The Commonwealth Bank has been called sneaky for its standard awards card, which requires a $12,000 annual spend with American Express (higher for Mastercard/Visa) for a mere $20 in flight rewards. Plus, says Choice, “one point only equals half of one frequent flier and that salient fact is hidden away in some mighty small print”.
Painkillers that promise to target specific pain types have also been exposed as a crock. Nurofen labels pills for back, period, migraine and other types of pain even though they all contain identical ingredients. “The shonkiest aspect of this type of marketing is that the fast-acting painkillers labeled for specific pain types are more expensive,” Choice said in bestowing the unwanted honour at a bay-side Sydney function today.

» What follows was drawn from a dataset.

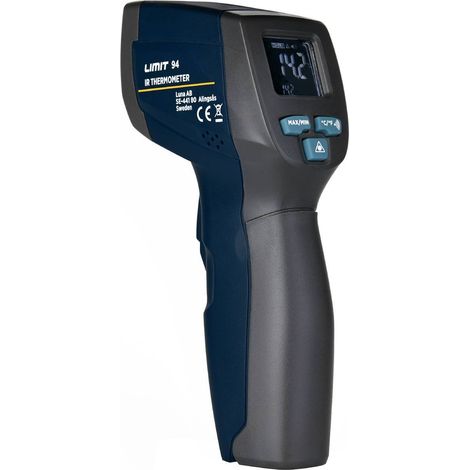 Limit Modèle professionnel thermomètre infrarouge sans contact (1/3)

LG’s side-by-side refrigerator is much more harmful to the environment than its energy star rating suggests, and Choice says the Korean manufacturer has form in overstating how green its washing machines and air conditioners are (LG claims the fridge mix-up was a mistake).
Those miraculous Power Balance wrist bands cost $60 and have won endorsement from sporting superstars Shaquille O’Neal and Rubens Barrichello along with local footy gods Simon Black, Warren Tredrea and Brendan Fevola. Rugby league star Benji Marshall says it “gives me an overall edge”; Australian NBA player Andrew Bogut reckons the bracelet makes him “feel more balanced, more energetic”.
Which is all bunkum according to Choice, which tested them under controlled lab conditions and found “it did little else than empty purchasers’ wallets”.
Choice also warns consumers over extra virgin olive oil, with many brands not nearly as chaste as they claim. Of 28 brands tested half defied their name.
“The mainly Mediterranean manufacturers’ cried foul blaming everyone else in the supply chain. But consumers still aren’t always getting true extra virgin quality at the point of sale, despite paying a premium,” the watchdog chastised. “Ultimately, Choice wants ‘extra virgin’ to be regulated under the Food Standards Code with mandatory requirements that all olive oils labeled ‘extra virgin’ meet basic purity and quality standards for the duration of their expected shelf life, as well as carry a suitable date so that consumers are able to choose the freshest oils.”
Medalist says its ‘recreation rope’ conforms to Australian standards and is suitable for “outdoor recreational use” — but it could prove deadly on your next rock climbing expedition. It’s made from tissue paper and snaps with minimum force.
Buyer beware, says Choice’s Christopher Zinn; despite new consumer and credit laws “we’re continually amazed by marketers’ efforts to take Australians for a ride”. A full list of the Shonky Award winners is available on the Choice website.